Dataset content:
※ ※ ※

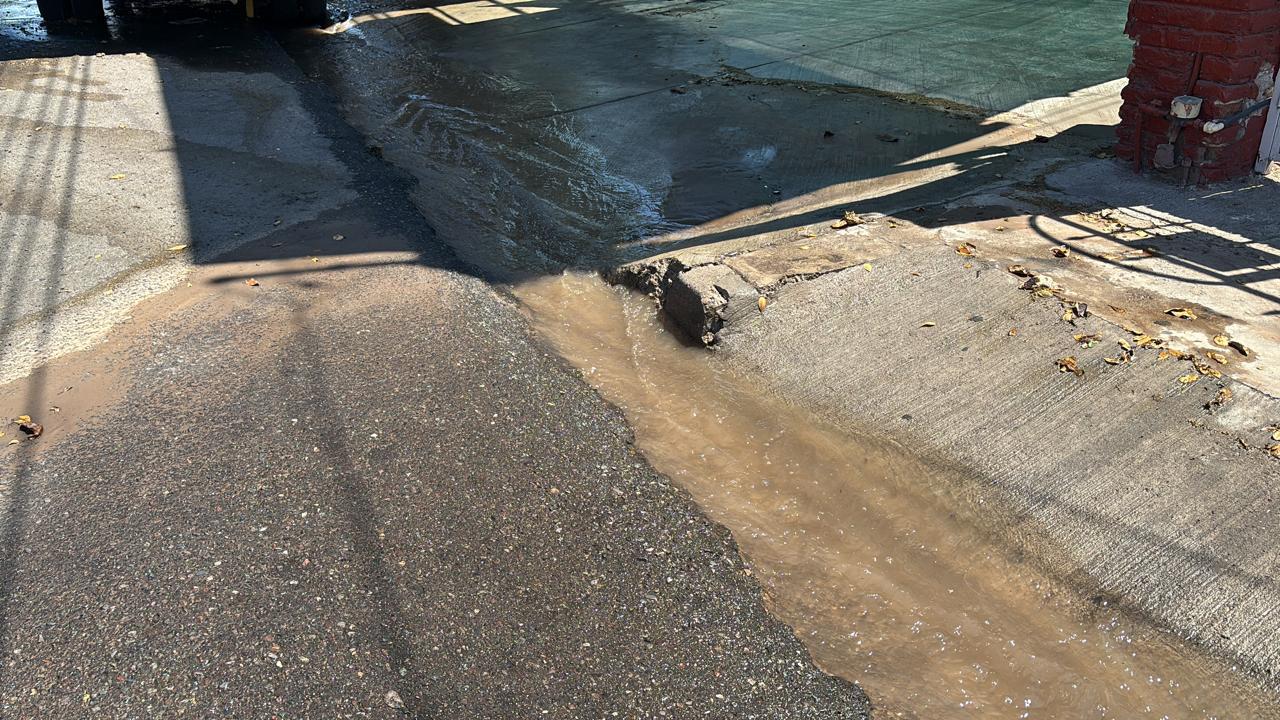 $!Mega fuga de agua cierra circulación en calle Juan Aldama, en Culiacán, en plenas elecciones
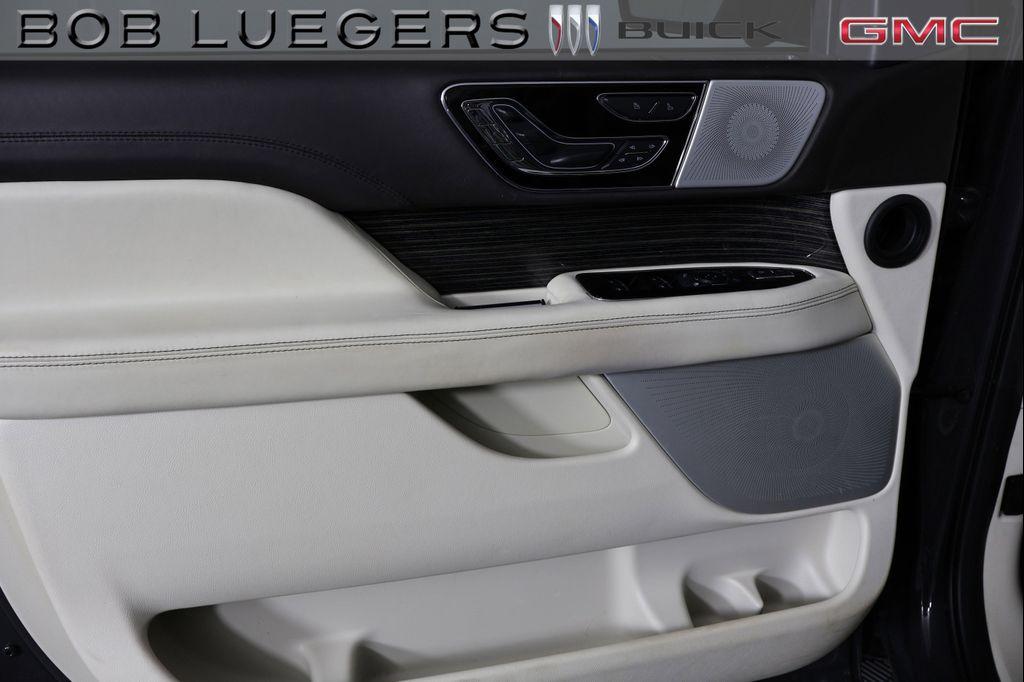 used 2023 Lincoln Navigator car, priced at $63,989
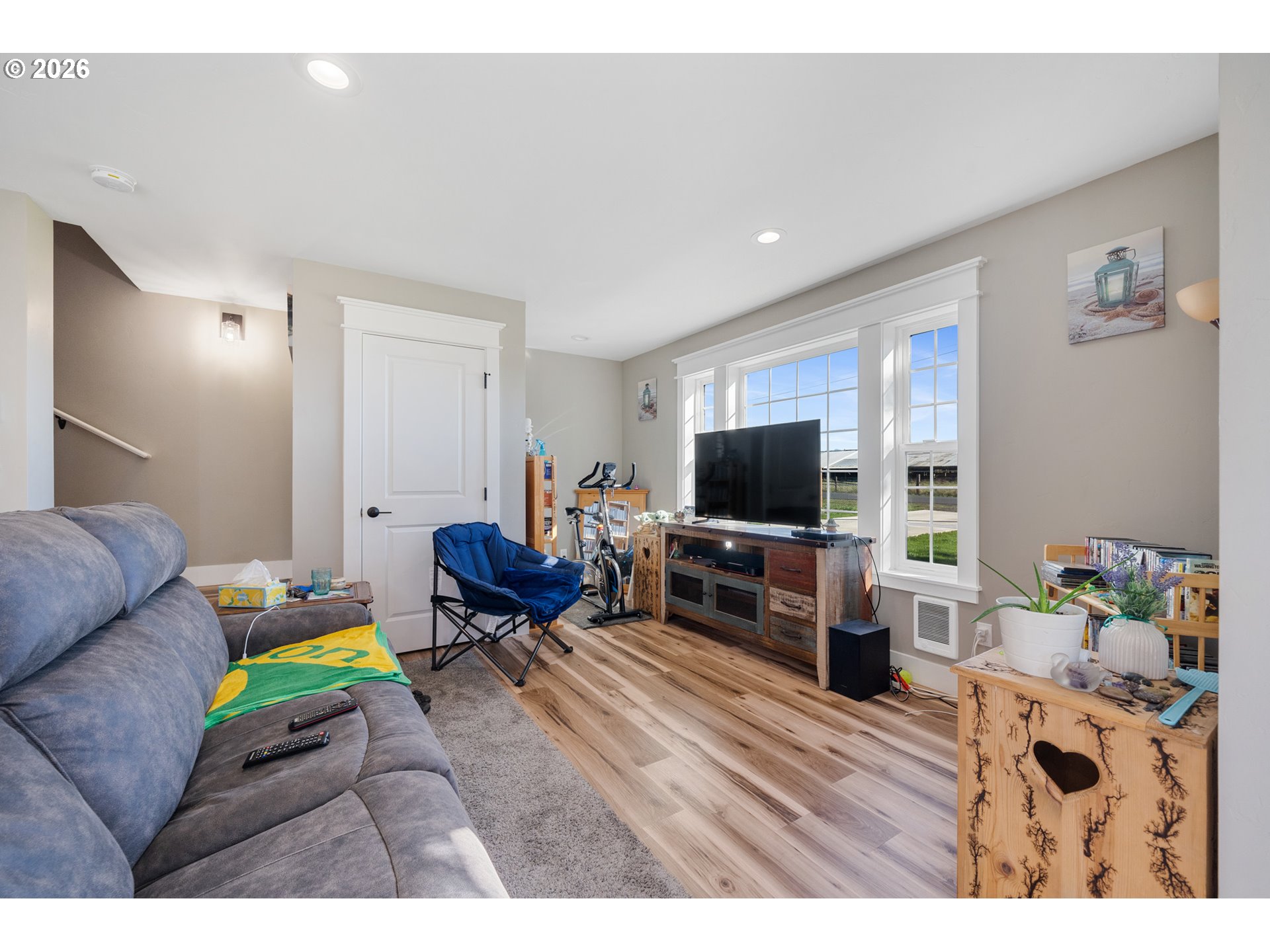 4004 12th Street Tillamook, OR 97141 - Photo 4 of 19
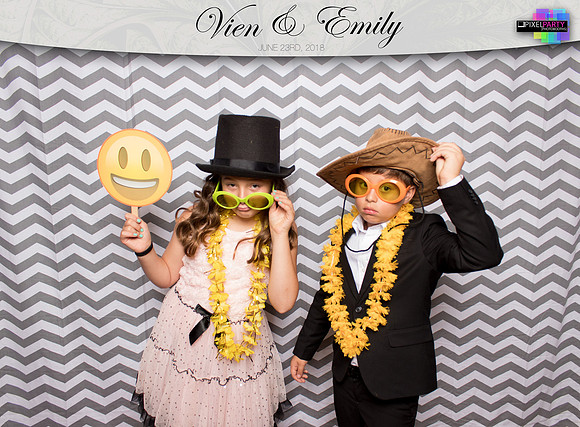 50163 - Emily + Vien Wedding Photobooth 2018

※ ※ ※

How to complete this task: Repeat the material above word for word; no images go in the copy.

Task response:
 $!Mega fuga de agua cierra circulación en calle Juan Aldama, en Culiacán, en plenas elecciones
 used 2023 Lincoln Navigator car, priced at $63,989
 4004 12th Street Tillamook, OR 97141 - Photo 4 of 19
 50163 - Emily + Vien Wedding Photobooth 2018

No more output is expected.